Un cast importante per personaggi macchietta

In Hotel Gagarin non ci sono di certo attori alla loro prima esperienza: nel cast troviamo nomi come Claudio Amendola, Luca Argentero, Giuseppe Battiston, Silvia D'Amico. C'è persino Philippe Leroy in una piccola (ma significativa) parte. In realtà anche i personaggi sembrano promettere bene: c'è l'elettricista che fatica ad arrivare a fine mese (Amendola), c'è lo squattrinato pieno di debiti minacciato dai suoi creditori (Argentero); ci sono il professore che sogna di scrivere film (Battiston), la prostituta in cerca di riscatto e la truffatrice che resta a sua volta truffata. Sono persone comuni, tradite dalla società moderna e dalla crisi economica. Andando in Armenia sognano di dare una svolta alla loro vita, invece si ritrovano bloccati in un albergo di lusso dall'aria decadente - l'Hotel Gagarin del titolo - perché qualcuno ancora una volta si è fatto beffe di loro, un amministratore che ha intascato il finanziamento della Commissione Europea per produrre il film e ha deciso di fare fagotto con i soldi.
L'opera parte come una commedia carica di satira e ironia, di certo promettente, ma nella seconda parte fa un'involuzione: la scrittura si accartoccia su se stessa, prendendo uno spunto interessante senza però sfruttarlo appieno. Parliamo del sogno del cinema, che per gli abitanti del paese è una fantastica chimera. Al di là del pretesto antiquato che puzza un po' troppo di fardello dell'uomo bianco, l'idea di sfruttare costumi, trucchi e oggetti di scena per realizzare i sogni dei paesani ha un che di poetico. Eppure è uno spunto narrativo che viene trattato in maniera superficiale da una sceneggiatura svogliata, in cui l'evoluzione dei personaggi resta sempre poco approfondita. C'è chi si innamora, chi riscopre se stesso, chi trova la felicità in quel paesino lontano dall'Italia, eppure è tutto accantonato lì, come appena abbozzato.

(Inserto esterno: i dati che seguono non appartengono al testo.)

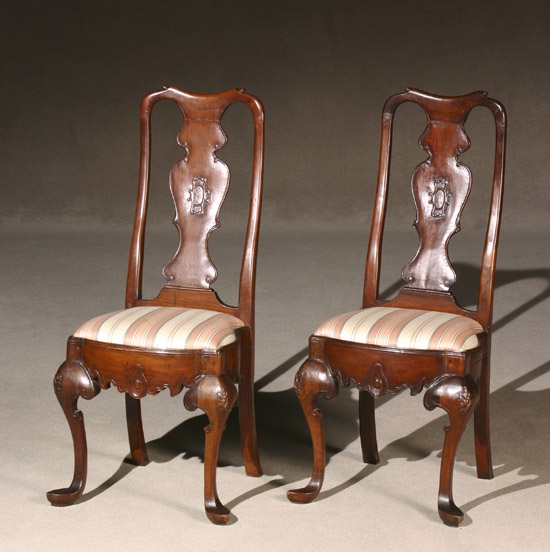 Appraisal: Pair of Anglo-Dutch Rococo Style Walnut Side Chairs th Century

Una sceneggiatura che non parte mai davvero

Alcune trovate fanno sorridere, altre lasciano perplessi. Nel complesso la direzione che Spada vuole dare al film è chiara e - almeno sulla carta - incisiva, eppure Hotel Gagarin sa di non finito. Nel suo rifarsi apertamente a Mediterraneo, il finale vuole porsi come omaggio al film di Salvatores, ma inevitabilmente crea un confronto impari da cui il film di Simone Spada esce sconfitto. Le interpretazioni dei protagonisti, per quanto appropriate, finiscono comunque con il riflettere una sceneggiatura incerta e priva di spessore. È nelle scene che ritroviamo nei titoli di coda che vediamo il vero potenziale del film, quel sogno visionario che solo il cinema può rendere reale - e che, purtroppo, in Hotel Gagarin non riesce mai a sbocciare veramente.

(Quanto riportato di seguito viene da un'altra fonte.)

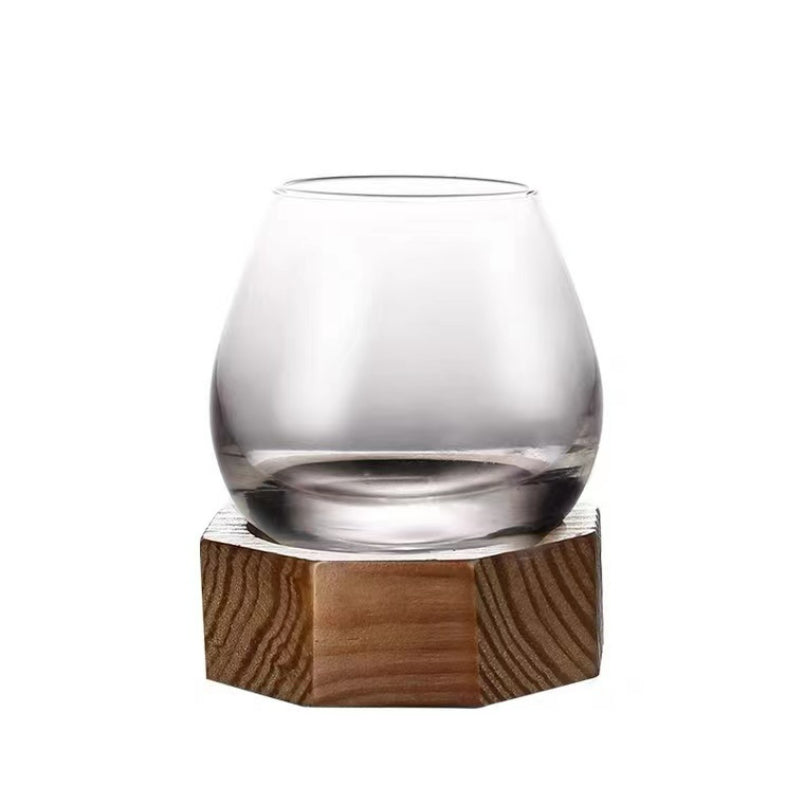Handmade Stemless Wine Glass Rotating Whisky Glasses with Wood Base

Hotel Gagarin Parte con delle buone premesse questo primo film di Simone Spada, ma nella seconda parte fa un'involuzione: i personaggi crescono ma i motivi della loro crescita restano appena abbozzati, e la poetica del trasformare in realtà i sogni degli abitanti del paese grazie alla magia del cinema non viene sfruttata appieno. Hotel Gagarin è un'occasione perduta, un assaggio di ciò che avrebbe potuto essere lo troviamo nelle scene inframmezzate ai titoli di coda: la vera poesia e il vero significato del film stanno lì.